The 22 Hyde Park Gate Story
Virginia Woolf, novelist, essayist, biographer and critic, was born at 22 Hyde Park Gate on January 25, 1882, to Julia Jackson Duckworth Stephen and Sir Leslie Stephen. It is here that Virginia and her artist sister, Vanessa Bell, lived and were home-schooled by their father, a distinguished man of letters who edited Cornhill Magazine and the Dictionary of National Biography. These three eminent personages earned 22 Hyde Park Gate the distinction of being the only building in London to display 3 Blue Commemorative Plaques! It is from this address that the Stephen children wrote and published the family newspaper, Hyde Park Gate News.

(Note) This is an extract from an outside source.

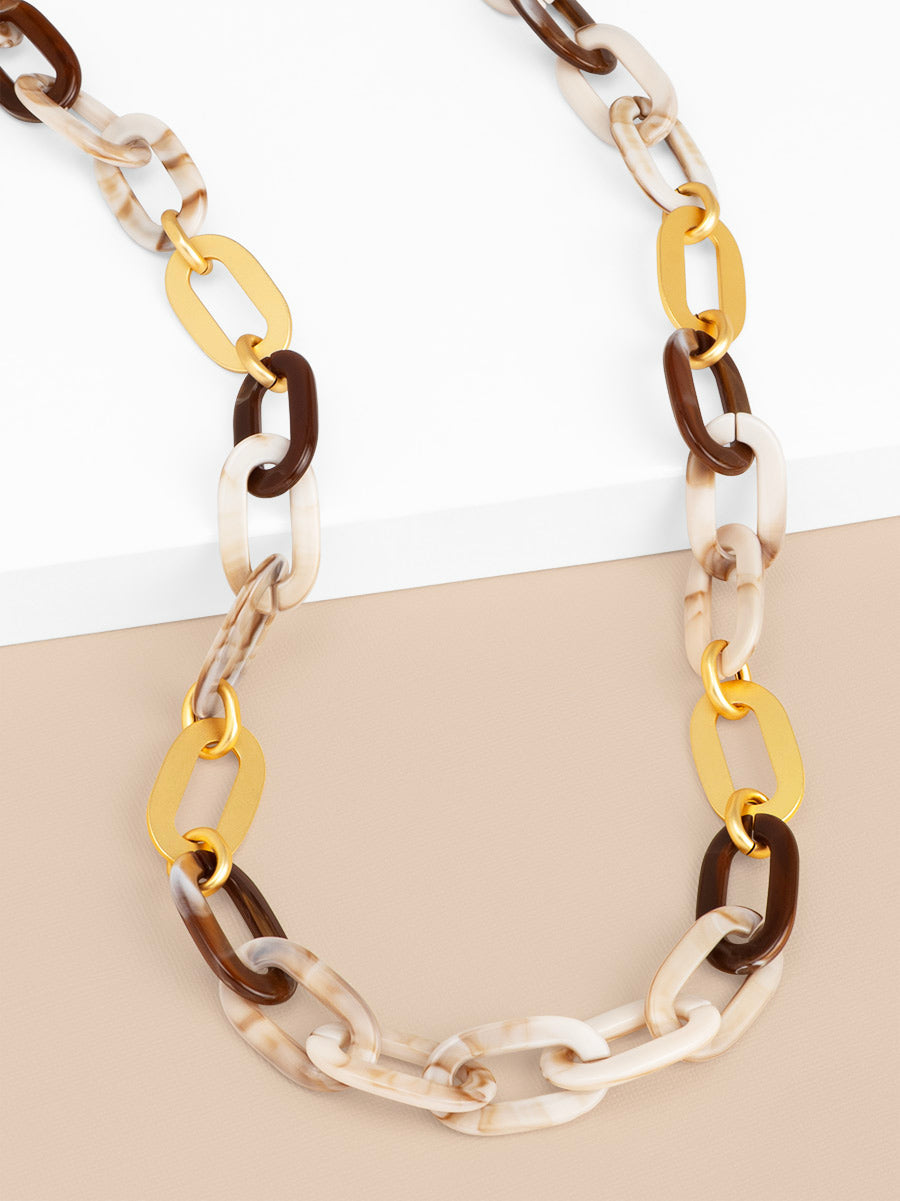 MARBLED RESIN & MATTE GOLD LINK LONG NECKLACE - BEIGE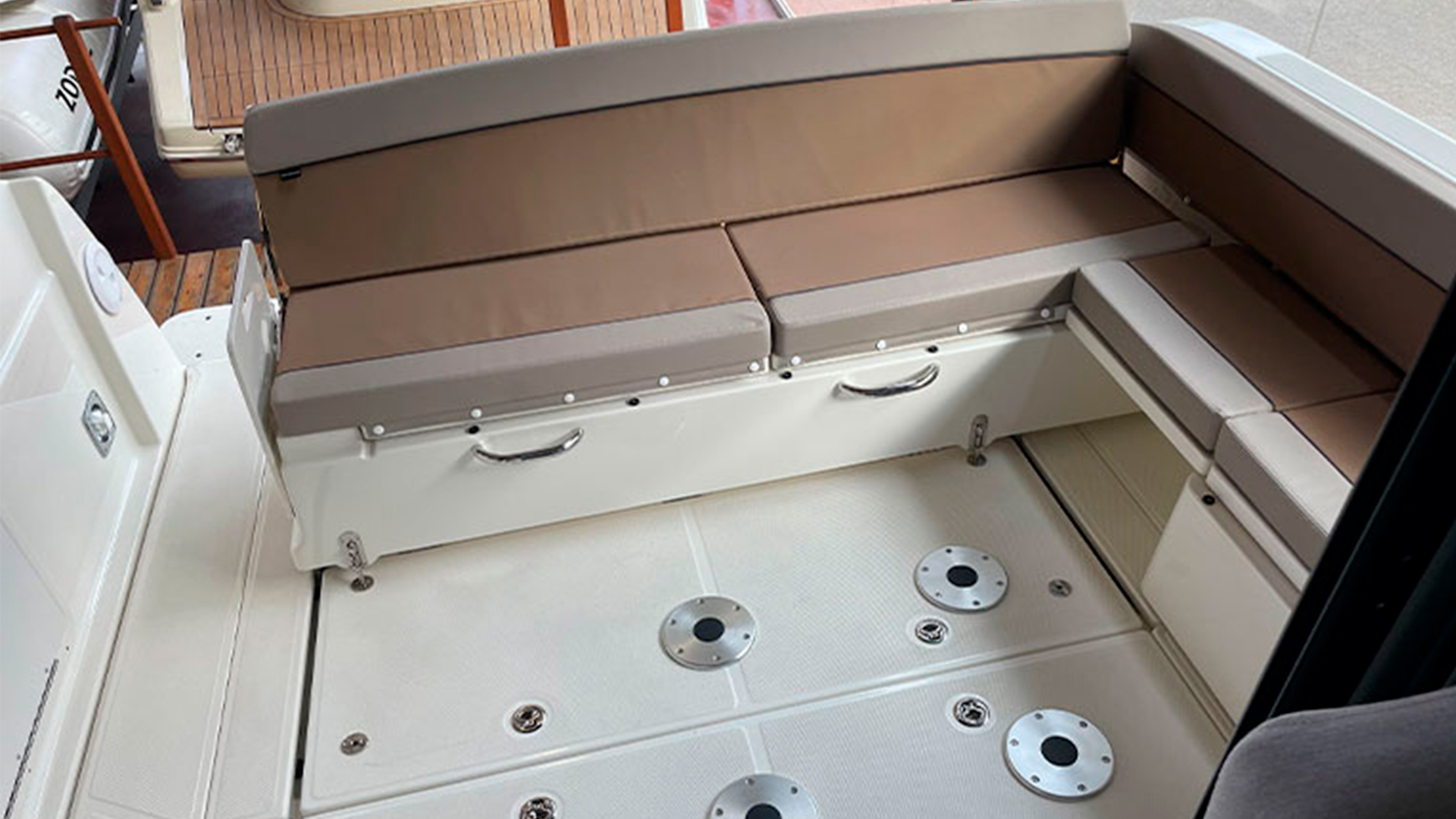 Quicksilver Activ 905 Weekend - Asientos popa entrega inmediata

Situated near the bottom of Hyde Park Gate cul-de-sac, stately white-washed Number 22 sits back from the street affording the pedestrian a complete view of this special historic house. Built sometime during the mid nineteenth century by Joshua Flesher Hanson, the Victorian structure known then as 13 Hyde Park Gate South featured 3 stories and a basement. Two more stories added in the 1920's are punctuated by a terra cotta tile depicting a fruit bowl presenting itself as a jewel in the graceful Dutch-inspired curvaceous crown of the front façade.
Thick plaster walls and hardwood floors exist throughout the interior. Retaining its original highly-detailed cast iron balustrade and wooden handrail the building presents a handsome staircase that joins the first three levels.
Period wrought iron spear point fencing and matching gate graciously enclose the garden. The new decorative wrought iron canopy with the detailed basketwork finial over the entryway was a 2004 addition.
Once a single family home, 22 Hyde Park Gate exists today as 6 flats, one of them occupied by Jasmyne King-Leeder. She and her artist friend, Jo-Anne Echevarria-Myers, have collaborated to illustrate and produce an impressive series of cards reproduced from original paintings executed in Windsor Newton Watercolours on paper.